• yeterince kalifiye olmamak ve torpil kavramından nefret etmek.

    benim için bunlar en azından. suçlu benim yani.
  • (herhangi bir işte çalışırken çeşitli sebeplerle maruz kalınan işsizlik (kovulma vb.) haricinde)

    - bir iş için gerekli asgari şartlara sahip olmadan, o işi istemek + başvurmak (ve hala daha o asgari şartları yerine getirmek için çabalamamak)

    - iş beğenmemek (aslında bazı durumlarda kişi kendi yetersizliğini kamufle ediyor)

    - işsiz kişi sayısının fazlalığı ve işsiz kişilerin genel olarak (istenilen iş dalları için ayrı kümelendirirsek) birbirlerine benzemesi.

    - işsiz kişiler birbirlerine benzedikçe, aradan sıyrılmak için başka faktörlerin devreye girmesi (genellikle torpil)

    - ve diğer sebepler (kişinin kendisini bilmemesi, kendisini bilmediği için aslında yatkın olmadığı bir dalda uzmanlaşmaya çalışıp yetkinleşememesi (iş bulmak = o işte yetkin olmak anlamında söylemiyorum), kişinin kendi özelliklerini keşfetmeye başlaması ve çoğu şeye gecikmesi)

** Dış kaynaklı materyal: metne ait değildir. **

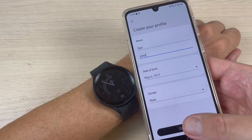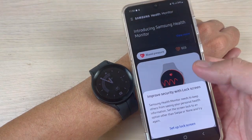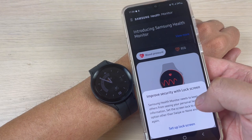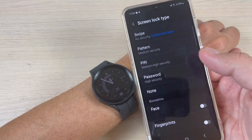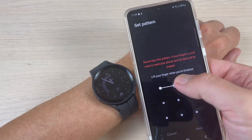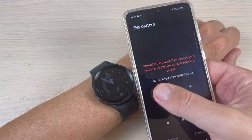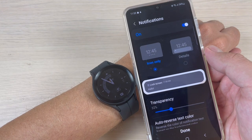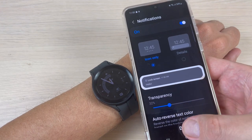Now press 'Continue'. Samsung Health Monitor needs to keep others from seeing your personal health information, so you need to set up a lock screen. I will set up a pattern, then confirm, and now just press 'Done'.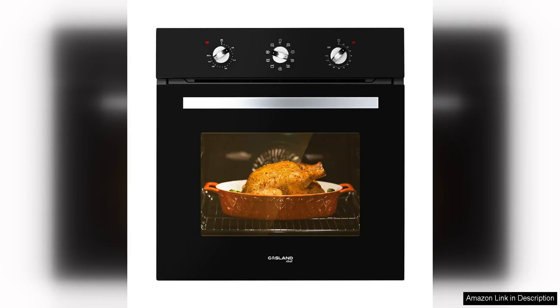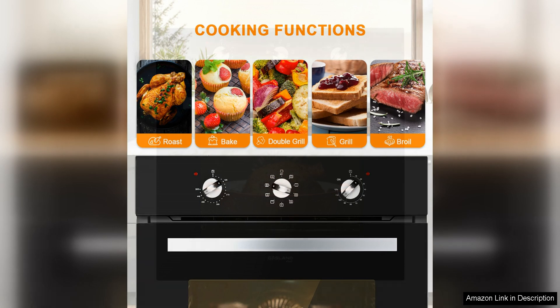The Gasland Chef S609BEM 24-inch built-in electric wall oven is a compact yet powerful appliance that offers a range of features perfect for any kitchen. This oven is designed for those who want a high-quality cooking experience in a smaller space.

    - bu sıralamam ağırlıklı olarak üniversite mezunları için, tüm halk için özet geçecek olursam : (bkz: vahşi kapitalizm)
  • tashihin bir meslek hatta alelade bir iş olarak bile görülmemesidir.

    not: times new roman'da 12 puntoda sayfası 2,5 lira.
  • yüzde beş peşinatla satılan evlerin alınmaması.
  • bir işi sadece para için yapmak saçma geliyor. verdiğim emeğe değecek, inanabileceğim bir iş bulamadım.
  • maaş, pozisyon seviyesi, pozisyon içeriği, firma, yönetici değişkenlerinden bir veya bir kaçını beğenmemekten de olabiliyor.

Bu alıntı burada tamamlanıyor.